We had none of the "cultural displays" of more recent Games which we did not need as it was an extremely hot day in the heavy uniforms we had been issued with. The Games started next day and my event took place a few days later. A very hot, humid day, unlike the previous one, led to several withdrawals and out of 23 entries only 13 finished. Although I remember the out and back 31 mile long course I have no recollection of returning to our quarters. The blue painted line we followed remained on the roads for many years to come!

Even though the event was over there was still work to be done. We had those walking 20 kms a few days later, to be looked after during their race and similarly for the marathon, on the last day of the athletics. Then was the time for sightseeing! We had available to us cars provided by the Holden car company and one of our walkers worked for their associated company in the UK, Vauxhall, and so we toured the countryside. One day, having driven over 100 miles, we stopped for petrol and on enquiring how far it was to the next town came the reply "about 700 miles, a place named Sydney". We rapidly turned round and headed back to Melbourne!

Finally we had to leave - to the playing of "Will ye no come back again" which still brings a lump to my throat whenever I hear that tune. So back on the plane, first stop Sydney in low cloud preventing a view of The Bridge. After refuelling and eating we settled into our former routine and it was then that we learned we were travelling home via the USA so giving us a round the world flight. Fiji, then Canton Island (find that in a modern Atlas?). Hawaii in a tropical storm which blew the lounge windows in and we had to undergo questioning by the US authorities to obtain temporary visas. On to Los Angeles where to fill in time we were driven round the City sightseeing.

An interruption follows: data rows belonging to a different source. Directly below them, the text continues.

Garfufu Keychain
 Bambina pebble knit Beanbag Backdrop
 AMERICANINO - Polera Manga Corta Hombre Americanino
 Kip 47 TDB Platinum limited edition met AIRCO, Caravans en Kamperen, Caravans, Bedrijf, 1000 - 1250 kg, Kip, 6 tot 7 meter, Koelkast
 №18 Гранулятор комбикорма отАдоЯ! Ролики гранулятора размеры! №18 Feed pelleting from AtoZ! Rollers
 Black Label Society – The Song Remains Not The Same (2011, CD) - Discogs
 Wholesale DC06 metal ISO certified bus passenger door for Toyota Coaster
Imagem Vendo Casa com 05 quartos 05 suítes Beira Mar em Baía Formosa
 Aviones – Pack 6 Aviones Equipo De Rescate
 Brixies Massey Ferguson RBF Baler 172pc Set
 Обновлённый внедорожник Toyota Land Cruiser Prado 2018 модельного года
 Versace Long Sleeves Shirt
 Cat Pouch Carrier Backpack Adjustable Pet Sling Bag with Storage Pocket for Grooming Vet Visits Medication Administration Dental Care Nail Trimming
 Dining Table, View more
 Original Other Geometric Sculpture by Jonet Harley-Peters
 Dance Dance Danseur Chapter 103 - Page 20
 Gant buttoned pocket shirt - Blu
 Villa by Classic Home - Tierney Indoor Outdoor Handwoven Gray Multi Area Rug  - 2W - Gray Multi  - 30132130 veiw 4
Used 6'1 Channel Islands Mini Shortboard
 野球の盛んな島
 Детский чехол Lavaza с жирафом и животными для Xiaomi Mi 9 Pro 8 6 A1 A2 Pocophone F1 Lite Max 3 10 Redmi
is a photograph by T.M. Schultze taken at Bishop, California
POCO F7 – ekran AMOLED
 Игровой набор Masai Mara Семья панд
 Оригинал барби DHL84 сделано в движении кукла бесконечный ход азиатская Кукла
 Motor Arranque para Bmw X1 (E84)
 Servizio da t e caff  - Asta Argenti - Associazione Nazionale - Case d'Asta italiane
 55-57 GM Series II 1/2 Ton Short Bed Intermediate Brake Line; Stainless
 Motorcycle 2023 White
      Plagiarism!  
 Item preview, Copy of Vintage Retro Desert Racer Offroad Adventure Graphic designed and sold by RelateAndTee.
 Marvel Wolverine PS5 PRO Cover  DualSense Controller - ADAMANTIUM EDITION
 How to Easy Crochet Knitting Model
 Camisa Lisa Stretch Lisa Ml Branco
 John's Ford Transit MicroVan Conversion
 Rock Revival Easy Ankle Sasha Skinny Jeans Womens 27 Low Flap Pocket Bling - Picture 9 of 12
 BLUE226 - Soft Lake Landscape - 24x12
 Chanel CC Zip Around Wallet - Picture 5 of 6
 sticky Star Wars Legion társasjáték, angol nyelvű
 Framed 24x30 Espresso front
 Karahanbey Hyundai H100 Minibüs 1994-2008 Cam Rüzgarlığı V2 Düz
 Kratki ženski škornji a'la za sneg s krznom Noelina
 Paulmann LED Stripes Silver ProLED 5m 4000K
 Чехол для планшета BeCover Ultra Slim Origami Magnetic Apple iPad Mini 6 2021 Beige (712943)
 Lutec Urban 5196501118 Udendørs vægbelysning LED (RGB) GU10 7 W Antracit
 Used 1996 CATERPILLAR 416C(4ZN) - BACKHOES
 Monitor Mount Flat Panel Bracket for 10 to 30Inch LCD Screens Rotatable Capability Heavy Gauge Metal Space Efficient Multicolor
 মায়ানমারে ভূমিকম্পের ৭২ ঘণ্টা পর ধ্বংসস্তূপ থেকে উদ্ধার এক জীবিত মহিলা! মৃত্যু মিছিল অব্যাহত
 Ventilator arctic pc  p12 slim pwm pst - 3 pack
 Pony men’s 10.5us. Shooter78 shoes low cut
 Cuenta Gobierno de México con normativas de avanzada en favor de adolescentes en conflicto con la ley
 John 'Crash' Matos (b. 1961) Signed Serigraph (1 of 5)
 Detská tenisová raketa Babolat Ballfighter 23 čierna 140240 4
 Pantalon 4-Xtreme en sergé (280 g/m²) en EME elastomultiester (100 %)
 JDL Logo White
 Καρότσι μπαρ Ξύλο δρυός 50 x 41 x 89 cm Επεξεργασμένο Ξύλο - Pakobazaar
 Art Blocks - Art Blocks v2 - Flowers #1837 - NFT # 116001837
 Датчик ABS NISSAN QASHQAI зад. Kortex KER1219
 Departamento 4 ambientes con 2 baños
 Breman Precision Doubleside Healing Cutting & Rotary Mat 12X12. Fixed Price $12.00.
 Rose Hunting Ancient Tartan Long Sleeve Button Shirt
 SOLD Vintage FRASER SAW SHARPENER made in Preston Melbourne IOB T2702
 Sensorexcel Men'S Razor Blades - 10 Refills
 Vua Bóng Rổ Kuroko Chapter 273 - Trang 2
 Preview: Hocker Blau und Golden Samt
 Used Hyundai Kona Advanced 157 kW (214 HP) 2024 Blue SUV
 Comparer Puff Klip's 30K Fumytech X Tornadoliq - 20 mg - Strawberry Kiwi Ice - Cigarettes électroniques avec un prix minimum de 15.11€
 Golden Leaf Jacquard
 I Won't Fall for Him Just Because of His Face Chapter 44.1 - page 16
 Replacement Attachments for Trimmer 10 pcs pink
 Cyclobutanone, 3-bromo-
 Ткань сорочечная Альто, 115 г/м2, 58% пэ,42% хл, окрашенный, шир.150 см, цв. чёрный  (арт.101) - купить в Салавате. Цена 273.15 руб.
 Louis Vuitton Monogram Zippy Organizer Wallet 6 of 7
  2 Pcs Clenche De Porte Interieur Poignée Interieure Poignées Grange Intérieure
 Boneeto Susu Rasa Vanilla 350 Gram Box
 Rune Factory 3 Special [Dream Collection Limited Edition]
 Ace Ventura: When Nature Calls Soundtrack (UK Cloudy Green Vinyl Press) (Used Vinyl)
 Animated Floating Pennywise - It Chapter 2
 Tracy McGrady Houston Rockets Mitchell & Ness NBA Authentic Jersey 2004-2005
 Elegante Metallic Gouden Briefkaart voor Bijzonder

From there we boarded an American aircraft, as foreign airlines were banned from US air space, to Colorado and New York for an overnight stop. A quick leg stretch in the City and then we were off to Gander in Newfoundland where we landed in a heavy snowstorm. Once the runways were cleared we set out for Heathrow and home. London Airport, unlike today, was almost deserted, to say nothing of Waterloo Station, where the lone ticket collector raised his eyebrows when confronted by a passenger wearing a panama hat on a very cold December morning, and then it was home to sleep for more than 18 hours.

What had I learned? A fair amount of geography; some current history; a little about Australia which left me with an urge to visit again which I did for the first time 40 years later for a reunion of a large number of the survivors from 1956 - The Friendly Games.

My hope is that the 2012 teams will have great memories of their Games and that they will appreciate the hospitality they receive, as much as I did, and that they will wish to come back.

Editor's Footnote. The above article was written by Eric Hall, our resident historian, researcher and indefatigable compiler of the Centenary Chronicles. Eric, as you will have read, competed in the 50 kilometers Walk at the Melbourne Olympic Games in 1956, and again, over 20 kilometers, in the 1960 Olympic Games in Rome.